The classification of neuropathic disorders is as follows

Neuronopathies (pure sensory or pure motor or autonomic)
- Sensory neuronopathies (ganglionopathies)
- Motor neuronopathies (motor neuron disease)
- Autonomic neuropathies
Peripheral neuropathies (usually sensorimotor)
- Myelinopathies
- Axonopathies
  - Large- and small-fibre
  - Small-fibre

Anatomy

The dorsal root ganglion (DRG) contains the cell bodies of sensory pseudo-unipolar neurons. The dorsal roots contain their efferent projections. Capillaries supply the DRG and in doing so cause fenestration and thereby loosening the blood-nerve barrier. This increases susceptibility to antibodies and toxins.

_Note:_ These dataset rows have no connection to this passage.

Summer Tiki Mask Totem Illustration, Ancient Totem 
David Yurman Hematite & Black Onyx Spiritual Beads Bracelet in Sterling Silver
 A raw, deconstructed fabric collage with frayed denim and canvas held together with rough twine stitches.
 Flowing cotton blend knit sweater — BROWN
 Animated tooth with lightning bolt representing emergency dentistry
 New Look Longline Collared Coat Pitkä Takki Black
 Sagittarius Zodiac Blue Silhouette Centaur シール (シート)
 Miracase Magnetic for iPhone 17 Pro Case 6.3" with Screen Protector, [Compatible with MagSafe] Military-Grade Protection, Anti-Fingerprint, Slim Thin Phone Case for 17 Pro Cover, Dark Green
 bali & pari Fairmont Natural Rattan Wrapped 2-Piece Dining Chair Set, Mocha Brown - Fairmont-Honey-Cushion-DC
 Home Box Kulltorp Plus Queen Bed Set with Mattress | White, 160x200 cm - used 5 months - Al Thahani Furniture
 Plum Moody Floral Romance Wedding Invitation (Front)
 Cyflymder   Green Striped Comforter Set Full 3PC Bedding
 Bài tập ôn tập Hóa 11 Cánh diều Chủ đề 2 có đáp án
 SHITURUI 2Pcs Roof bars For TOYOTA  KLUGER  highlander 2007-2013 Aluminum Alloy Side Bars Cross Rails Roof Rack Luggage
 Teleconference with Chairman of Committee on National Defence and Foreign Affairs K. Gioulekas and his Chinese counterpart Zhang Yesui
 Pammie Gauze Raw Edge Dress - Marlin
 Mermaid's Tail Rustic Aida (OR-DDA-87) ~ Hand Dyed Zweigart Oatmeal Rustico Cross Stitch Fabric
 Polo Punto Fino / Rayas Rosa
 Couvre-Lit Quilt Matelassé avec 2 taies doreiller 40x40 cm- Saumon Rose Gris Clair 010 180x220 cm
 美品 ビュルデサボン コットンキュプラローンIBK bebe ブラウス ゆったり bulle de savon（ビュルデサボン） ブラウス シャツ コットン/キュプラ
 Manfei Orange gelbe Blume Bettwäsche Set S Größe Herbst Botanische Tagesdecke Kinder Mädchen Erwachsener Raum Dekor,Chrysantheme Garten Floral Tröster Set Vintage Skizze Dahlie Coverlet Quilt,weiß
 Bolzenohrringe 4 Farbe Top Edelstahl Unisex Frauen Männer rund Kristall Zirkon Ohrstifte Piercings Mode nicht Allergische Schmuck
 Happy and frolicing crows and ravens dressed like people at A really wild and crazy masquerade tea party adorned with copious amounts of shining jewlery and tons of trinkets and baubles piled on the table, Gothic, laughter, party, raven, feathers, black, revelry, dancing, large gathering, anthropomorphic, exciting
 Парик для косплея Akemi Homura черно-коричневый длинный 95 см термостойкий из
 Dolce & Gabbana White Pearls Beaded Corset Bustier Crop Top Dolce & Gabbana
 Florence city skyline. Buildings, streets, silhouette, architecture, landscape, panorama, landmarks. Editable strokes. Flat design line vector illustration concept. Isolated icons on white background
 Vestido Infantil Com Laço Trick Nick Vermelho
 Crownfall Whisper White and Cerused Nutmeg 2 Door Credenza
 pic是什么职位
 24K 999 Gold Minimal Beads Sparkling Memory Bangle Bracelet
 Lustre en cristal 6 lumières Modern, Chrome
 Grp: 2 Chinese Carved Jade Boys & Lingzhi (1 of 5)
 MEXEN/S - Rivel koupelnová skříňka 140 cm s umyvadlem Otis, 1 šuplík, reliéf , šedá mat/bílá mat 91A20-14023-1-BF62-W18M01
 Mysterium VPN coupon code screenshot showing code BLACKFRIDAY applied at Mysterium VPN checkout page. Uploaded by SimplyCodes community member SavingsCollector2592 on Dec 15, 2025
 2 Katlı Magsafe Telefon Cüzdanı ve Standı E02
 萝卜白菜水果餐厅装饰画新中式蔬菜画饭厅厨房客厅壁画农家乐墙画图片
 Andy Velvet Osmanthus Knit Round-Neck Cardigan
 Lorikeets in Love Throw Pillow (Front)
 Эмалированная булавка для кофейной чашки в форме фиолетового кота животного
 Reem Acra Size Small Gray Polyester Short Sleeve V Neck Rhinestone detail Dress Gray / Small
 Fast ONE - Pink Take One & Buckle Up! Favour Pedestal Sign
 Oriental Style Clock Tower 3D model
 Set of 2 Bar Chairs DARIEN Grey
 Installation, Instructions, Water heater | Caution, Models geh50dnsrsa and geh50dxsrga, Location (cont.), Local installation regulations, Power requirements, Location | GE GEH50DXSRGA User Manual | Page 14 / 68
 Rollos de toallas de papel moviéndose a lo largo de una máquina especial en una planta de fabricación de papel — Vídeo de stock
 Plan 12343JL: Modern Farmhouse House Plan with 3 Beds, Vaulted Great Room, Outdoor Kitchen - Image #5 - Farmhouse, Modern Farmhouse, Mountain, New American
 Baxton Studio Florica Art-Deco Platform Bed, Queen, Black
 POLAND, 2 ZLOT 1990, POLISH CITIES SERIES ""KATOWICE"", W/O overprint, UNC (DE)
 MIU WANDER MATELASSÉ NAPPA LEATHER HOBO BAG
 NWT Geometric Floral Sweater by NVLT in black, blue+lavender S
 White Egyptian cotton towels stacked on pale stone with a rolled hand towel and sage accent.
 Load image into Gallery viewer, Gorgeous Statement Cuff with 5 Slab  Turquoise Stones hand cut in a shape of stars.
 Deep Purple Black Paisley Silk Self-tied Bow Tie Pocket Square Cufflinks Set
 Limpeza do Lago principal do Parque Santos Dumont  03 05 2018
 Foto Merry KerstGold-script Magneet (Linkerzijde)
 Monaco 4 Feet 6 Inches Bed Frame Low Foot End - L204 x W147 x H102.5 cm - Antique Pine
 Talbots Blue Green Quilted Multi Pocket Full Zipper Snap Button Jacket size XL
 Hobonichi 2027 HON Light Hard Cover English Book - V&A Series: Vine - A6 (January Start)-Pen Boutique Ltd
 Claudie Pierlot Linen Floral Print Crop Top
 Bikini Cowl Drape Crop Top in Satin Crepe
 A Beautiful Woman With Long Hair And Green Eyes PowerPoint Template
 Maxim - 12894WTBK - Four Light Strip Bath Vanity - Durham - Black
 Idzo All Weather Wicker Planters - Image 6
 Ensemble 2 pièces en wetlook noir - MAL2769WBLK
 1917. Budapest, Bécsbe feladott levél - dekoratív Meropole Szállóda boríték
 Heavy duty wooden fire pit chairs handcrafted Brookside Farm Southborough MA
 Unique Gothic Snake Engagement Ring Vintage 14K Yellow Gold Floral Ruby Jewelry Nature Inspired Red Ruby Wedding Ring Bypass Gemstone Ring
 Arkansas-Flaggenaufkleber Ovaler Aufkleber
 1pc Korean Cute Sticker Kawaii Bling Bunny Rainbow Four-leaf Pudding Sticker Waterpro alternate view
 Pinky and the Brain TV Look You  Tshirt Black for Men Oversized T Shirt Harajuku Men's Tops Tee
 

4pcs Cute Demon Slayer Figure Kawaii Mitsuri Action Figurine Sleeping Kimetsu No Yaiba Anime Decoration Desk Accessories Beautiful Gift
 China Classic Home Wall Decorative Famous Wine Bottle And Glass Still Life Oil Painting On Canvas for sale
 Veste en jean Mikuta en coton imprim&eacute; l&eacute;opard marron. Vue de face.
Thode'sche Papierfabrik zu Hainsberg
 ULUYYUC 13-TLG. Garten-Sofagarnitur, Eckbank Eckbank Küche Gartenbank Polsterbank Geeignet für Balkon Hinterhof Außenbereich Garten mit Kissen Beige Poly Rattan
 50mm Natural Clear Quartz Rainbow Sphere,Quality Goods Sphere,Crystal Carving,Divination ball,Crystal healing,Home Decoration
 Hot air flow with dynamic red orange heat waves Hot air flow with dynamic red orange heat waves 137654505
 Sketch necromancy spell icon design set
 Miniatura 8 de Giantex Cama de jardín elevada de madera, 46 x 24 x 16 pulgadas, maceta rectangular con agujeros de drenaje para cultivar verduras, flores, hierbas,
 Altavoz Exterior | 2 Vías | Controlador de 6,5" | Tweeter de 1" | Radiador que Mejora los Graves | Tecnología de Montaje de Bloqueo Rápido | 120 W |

There are two populations of neurons in the DRG. These are the large-light cells with their Aβ and Aδ fibre projections. The other population, which are the majority of the cells, are the small-dark cells and their unmyelinated C fibres. The afferent projections of the larger neurons containing proprioceptive and tactile sensation traverse the posterior column.

Epidemiology

It is more common in women. The median age of onset is 54. Common comorbidities include diabetes, excessive alcohol intake, smoker, malignancy, autoimmune disease.^[1]

Clinical Features

As the clinical features span multiple different specialties, when reading the literature it is important to keep in mind the "silo" effect. For example the neurology literature may under-report vestibular findings.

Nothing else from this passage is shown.